Повесть Самуила Лурье «Литератор Писарев» построена в этом отношении очень тонко – происходит непрерывное двоение взгляда: автор то сливается со своим героем, и мы видим вещи и явления глазами Писарева, то отступает – на шаг, не более, – и смотрит из-за плеча героя. С. Лурье как бы пишет мемуары о хорошо знакомом человеке, которого он по воле судьбы пережил на сто с лишним лет.

С ориентацией на «мемуарность», субъективность взгляда – изнутри произведения – связано и появление в современной прозе фигуры летописца.

В романе Мориса Симашко «Маздак» нет рассказчика. Но сквозь все повествование проходит фигура Авраама, который пишет историю царствования Кавада и тем самым летопись великого мятежа, разбуженного Маздаком. Его глазами, глазами постороннего, ибо Авраам – грек, видим мы происходящее в стране. И глазами автора книги – то, что происходит с самим Авраамом. Двойной взгляд, как всегда в таких случаях, создает эффект объемности изображения, но в данном случае не это главное. Главное, опять-таки, идея свидетеля в истории. Идея неизбежной гласности.
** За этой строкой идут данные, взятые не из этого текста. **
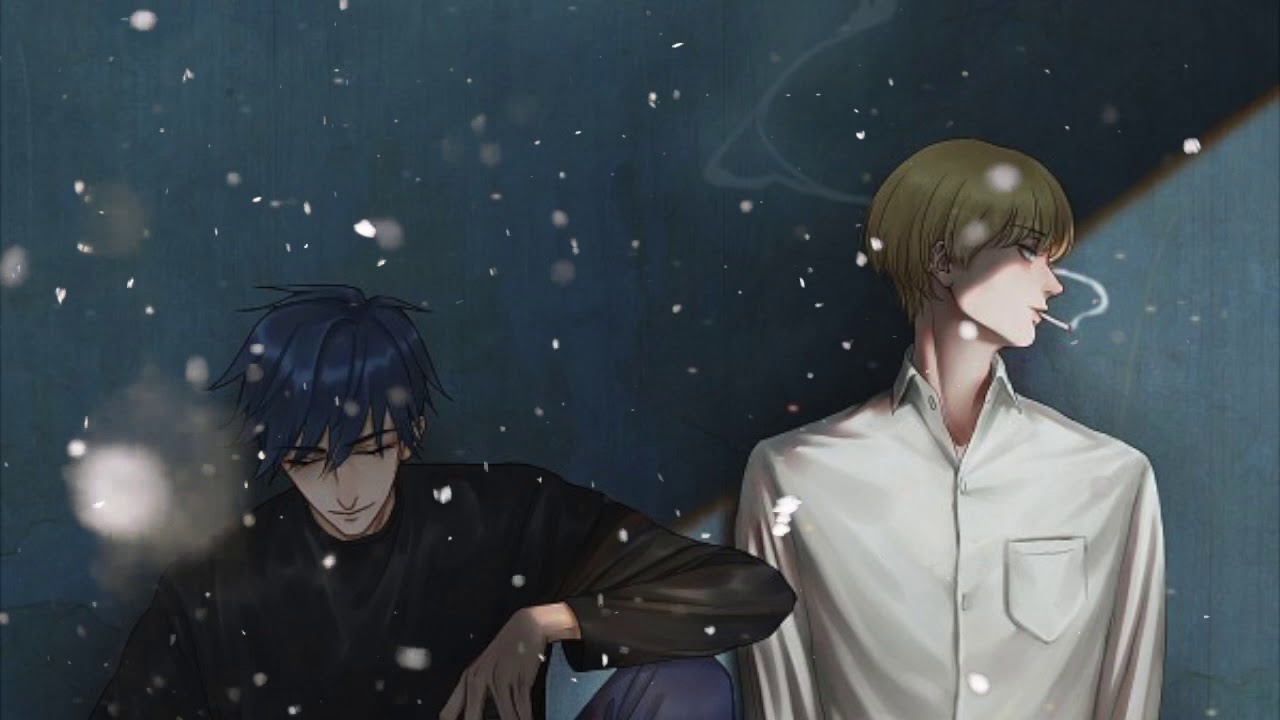 Nightcore - Habits (stay high) Male Rock Version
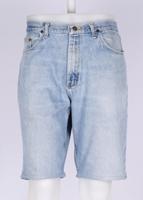 Vintage Straight BCC Blue Blue size 34 / 22 - thumbnail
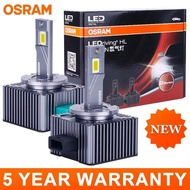 OSRAM Original D1S D3S LED Car Headlight Bulb D1S LED CANbus D3S Car Lamps HID Xenon Upgrade Kits 1:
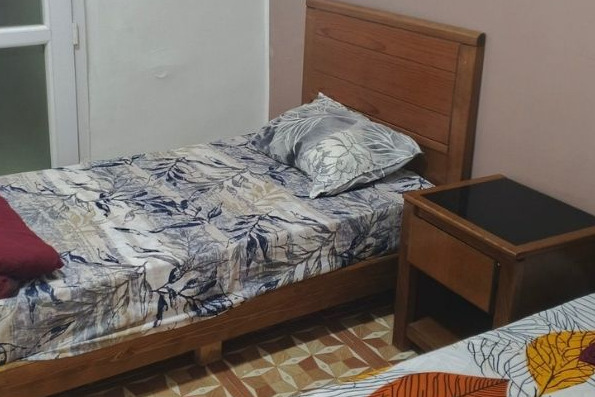 Dortoire habouche arab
Значение того факта, что Пушкин ввел в «Бориса Годунова» фигуру Пимена, отнюдь не достаточно оценено. Пимен никак не связан с прямым действием. Те сведения, которые он сообщает Григорию, могли сообщить другие персонажи. Пушкину было чрезвычайно важно именно то, что Пимен – летописец, свидетель. Между Гриневым и Пименом огромная разница. Гринев – равный среди равных. Пимен – свидетель-судия.
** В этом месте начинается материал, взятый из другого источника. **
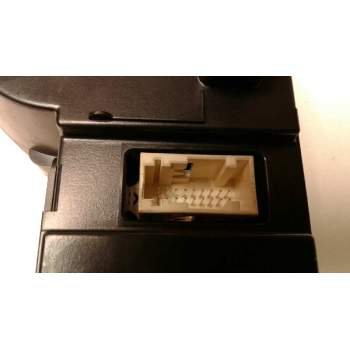 Recambio de mando climatizador para renault scenic ii confort dynamique referencia OEM IAM   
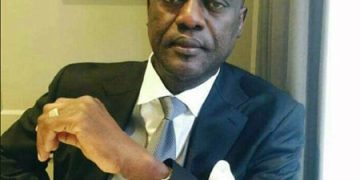 10 Years On, Friends and Comrades Remember Moseray Fadika “Super”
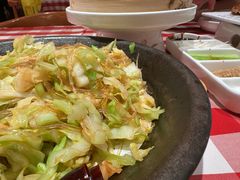 -西贝(吴江路湟普汇店)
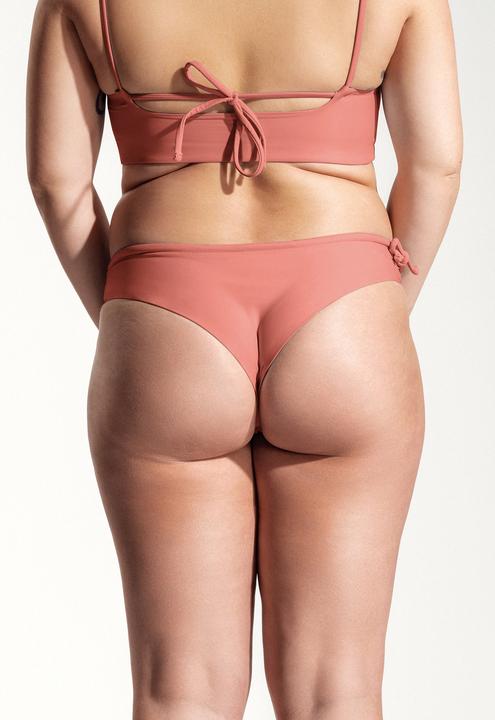 Actual product image Oy Surf Bikini Pants "Tope (XS)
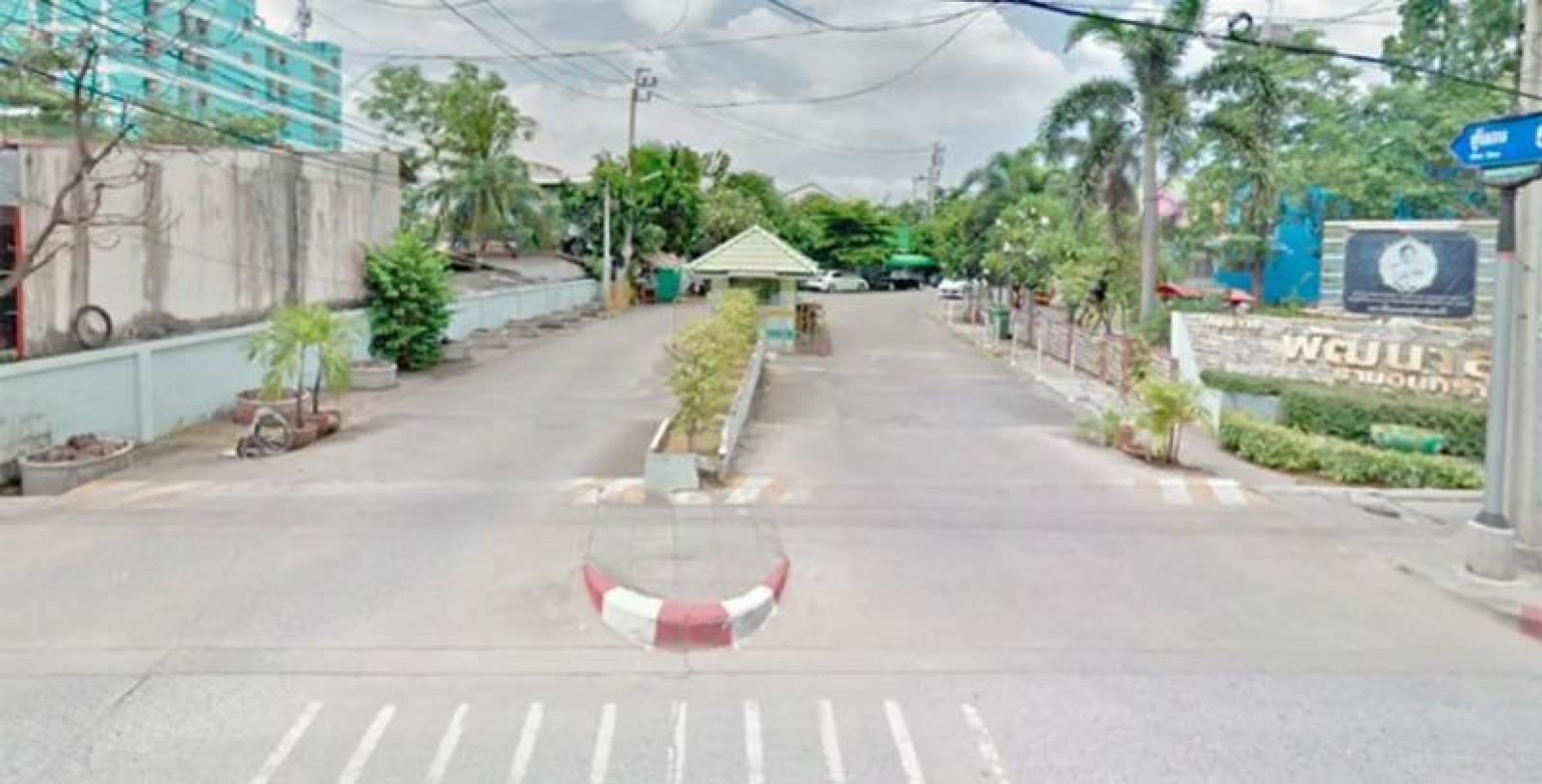 For Sale Townhouse/Townhome  , Pattanasiri Ramintra , Bang Chan , Khlong Sam Wa , Bangkok , CX-169730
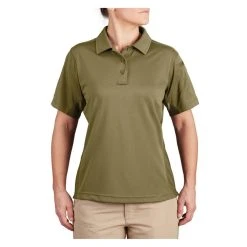 Women's Propper Summerweight Polo Drab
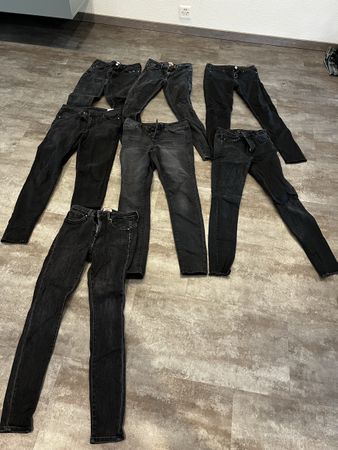 Hosen Packet 38/M 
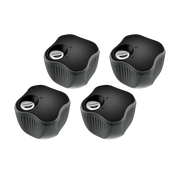 Thule Lockable Knob - Bike Rack Accessory - Image 2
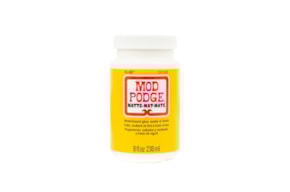 MOD PODGE 236ML MATE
Мемуары Гринева, относящиеся к весьма распространенному в ту эпоху типу воспоминаний для назидания детям и внукам, о чем говорит и нравоучительный эпиграф, поставленный над повестью издателем, есть произведение частного человека.

Летописец – фигура общеисторического характера. Гриневы пишут личную хронику. Пимены – историю страны.

Историческая проза – по существу своему – есть сочетание того и другого.

То, что летописец – праотец историка и прозаика – становится сам героем исторической прозы, – симптоматично. Исследуя мотивы, движущие летописцем, метод его работы, исторический писатель исследует свое дело. Происходит еще один парадоксальный поворот – герой смотрит на автора.

Яан Кросс наверняка обратил внимание на личность Балтазара Руссова именно потому, что тот был – в XVI веке – его, Кросса, коллегой. Балтазар Руссов, пастор из Таллина, написал «Большую Ливонскую хронику». Вся предшествующая жизнь Балтазара – ученье, скитанья, участие в крестьянском мятеже – только подготовка к главному жизненному деянию: созданию хроники. И в третьей части романа[130] его существование в бурное и страшное время подчинено выполнению этой тяжкой задачи.

Как Юрий Давыдов, Яан Кросс в своей эпопее существенно усложняет прием по сравнению с более ранними повестями – «Четыре монолога» и «Имматрикуляция Михельсона». Причем движение приема происходит и внутри самого романа. Третья часть – это, за исключением нескольких глав, обширный непрямой монолог героя. Монолог, подкрепленный пунктиром цитат из Ливонской хроники, создаваемой параллельно ходу действия. А поскольку хроника совмещает события прошлого и настоящего, то возникает некое временное единство, некая система, расширяющая поле действия и прочно связывающая все историческое пространство вокруг героя.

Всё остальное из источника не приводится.